• **Recorded information**:
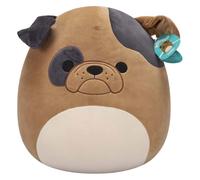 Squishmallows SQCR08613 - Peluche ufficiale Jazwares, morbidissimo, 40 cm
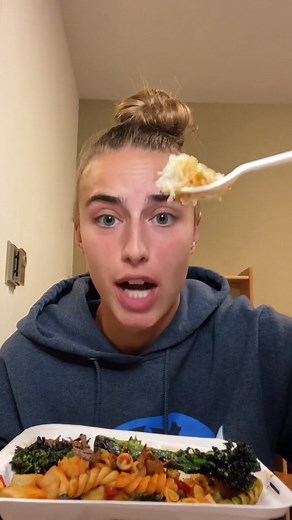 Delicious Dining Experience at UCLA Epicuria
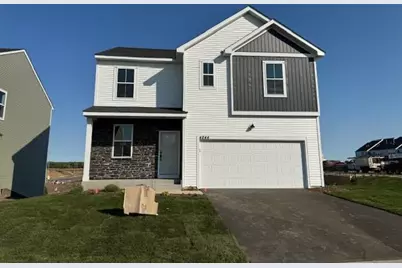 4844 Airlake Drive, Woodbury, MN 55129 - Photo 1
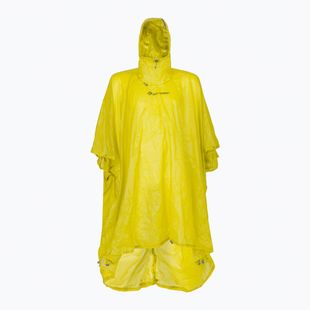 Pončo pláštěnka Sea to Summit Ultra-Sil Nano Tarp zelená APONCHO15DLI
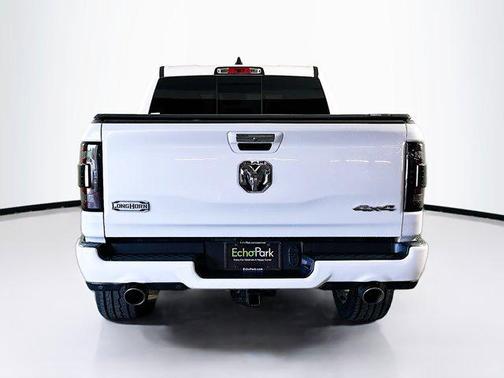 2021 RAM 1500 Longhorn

• **Task objective**: Pictures are not part of the copy. Output only the lines from the one with "Pončo pláštěnka Sea" through the final line of the records, exactly as given.

• **Response to the exercise**:
 Pončo pláštěnka Sea to Summit Ultra-Sil Nano Tarp zelená APONCHO15DLI
 2021 RAM 1500 Longhorn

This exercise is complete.